Le Système institué par les accords de Taëf montre désormais ses limites, les institutions gangrenées par des comportements quasi-mafieux sont dépassées. Ils – nos hommes politiques – craquent aujourd’hui mais plient aussi pour le moment comme un roseau au lieu de rompre. Ils tentent de récupérer aujourd’hui ce malaise pour mieux continuer à exploiter le peuple et offrent, face aux questions légitimes des manifestants, des expédiants, ramasser par exemple les ordures au mieux et non de les traiter. Toujours la forme au détriment du fond des problèmes.
Oublions la corruption quasi-institutionnalisée, oublions la paralysie du Système politique en raison du confessionalisme, oublions de mettre sur table, les dossiers critiques, oublions de réformer un système rigide y compris au niveau constitutionnel qui est incapable de fonctionner sans « conseils avisés venu de l’étranger », oublions leurs responsabilité. Oublions tout ce qui nous a mené à la situation actuelle. Selon eux, il s’agit d’être amnésique, sommes-nous trompé dans cet instant d’éveil patriotique en réclamant à avoir un état de droit? A les entendre, on dirait que oui.

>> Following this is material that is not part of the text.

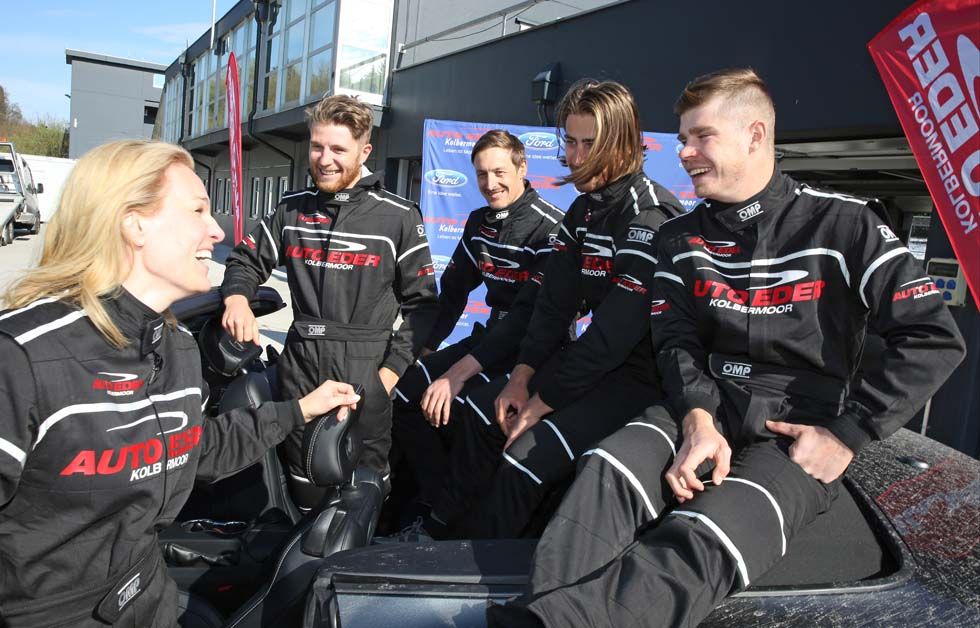 The riders relax after their day out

Nous vivons – diraient-ils – dans un système parfait et dans le meilleur des Monde, alors que la communauté internationale est désormais consciente du fossé entre gouvernants et gouvernés, s’interroge et n’hésite pas à évoquer la question même de nos politiciens devant les instances internationales les plus hautes. Et de cela, tant le peuple lui-même que nos hommes politiques devraient avoir honte d’être arrivé à exposer ainsi nos ordures.